**ASSIGNMENT**:
Repeat the listing exactly, line by line, and leave the pictures behind.

**DATA EXTRACT**:
★ ★ ★ ★
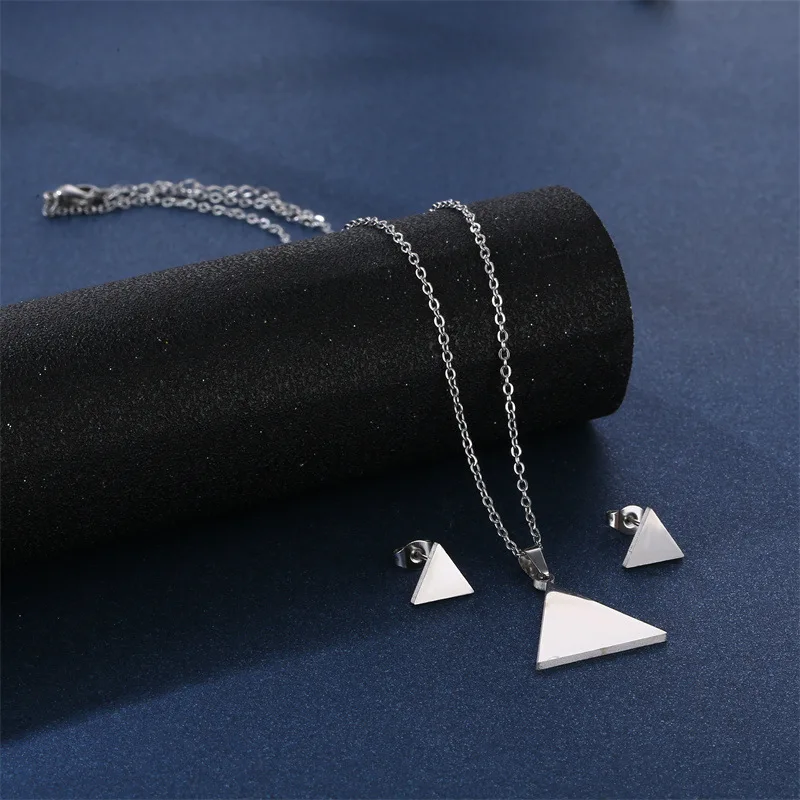 Stainless Steel Necklaces earrings set Fashion Pendant Style Geometric Triangle Chain Necklace Women Jewelry Party Friend Gifts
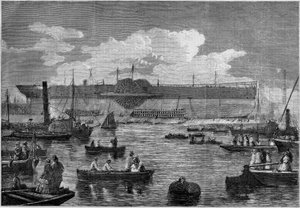 „Leviathan“ (Great Eastern), první obří parník, během jeho pokusu o start v roce 1857. Rytina v „“ Le Monde Illustré““ č. 31 ze 14. listopadu 1857. od French School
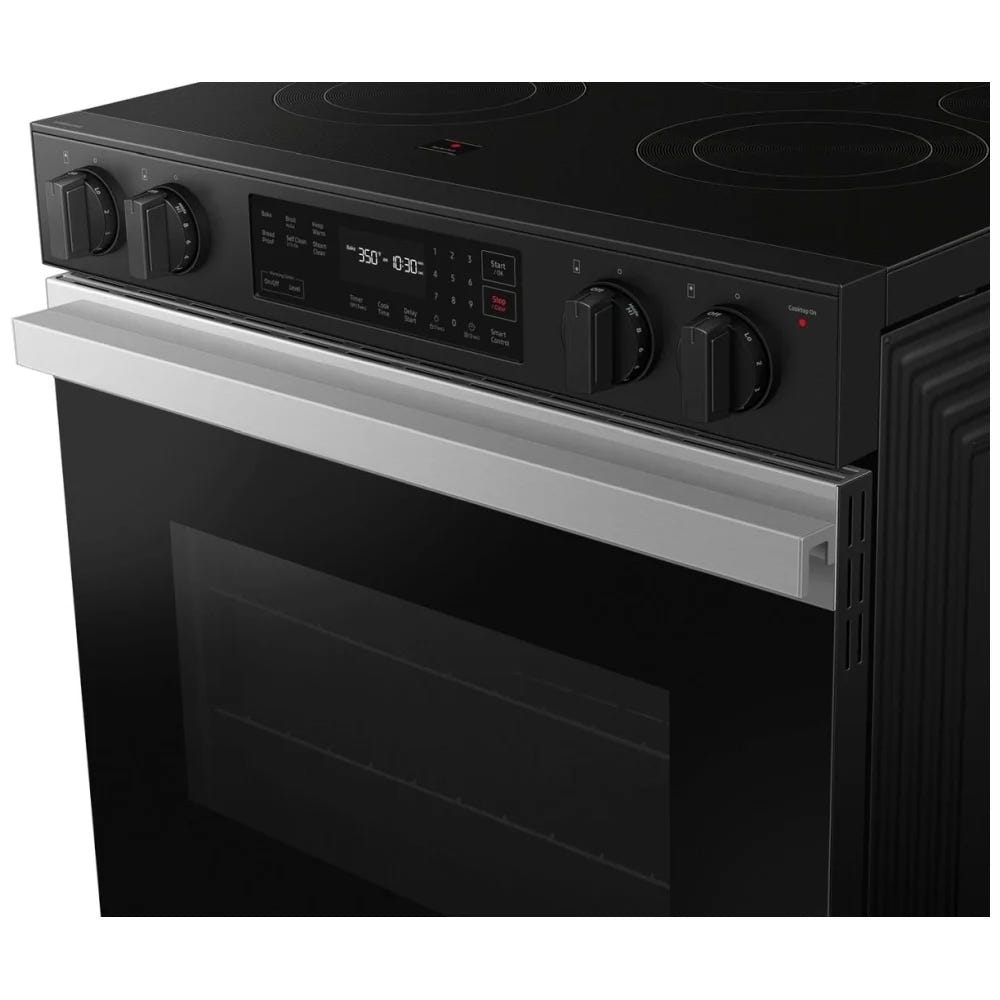Samsung Bespoke NSE6DG8100SRAC Electric Range, 6.3 cu. ft. Capacity, 30 inch Exterior Width, 5 Burners, Storage Drawer, Self Clean, 3,000 Watts Highest Burner Element, Stainless Steel colour, SmartThings™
★ ★ ★ ★
**EXERCISE RESPONSE**:
 Stainless Steel Necklaces earrings set Fashion Pendant Style Geometric Triangle Chain Necklace Women Jewelry Party Friend Gifts
 „Leviathan“ (Great Eastern), první obří parník, během jeho pokusu o start v roce 1857. Rytina v „“ Le Monde Illustré““ č. 31 ze 14. listopadu 1857. od French School
Samsung Bespoke NSE6DG8100SRAC Electric Range, 6.3 cu. ft. Capacity, 30 inch Exterior Width, 5 Burners, Storage Drawer, Self Clean, 3,000 Watts Highest Burner Element, Stainless Steel colour, SmartThings™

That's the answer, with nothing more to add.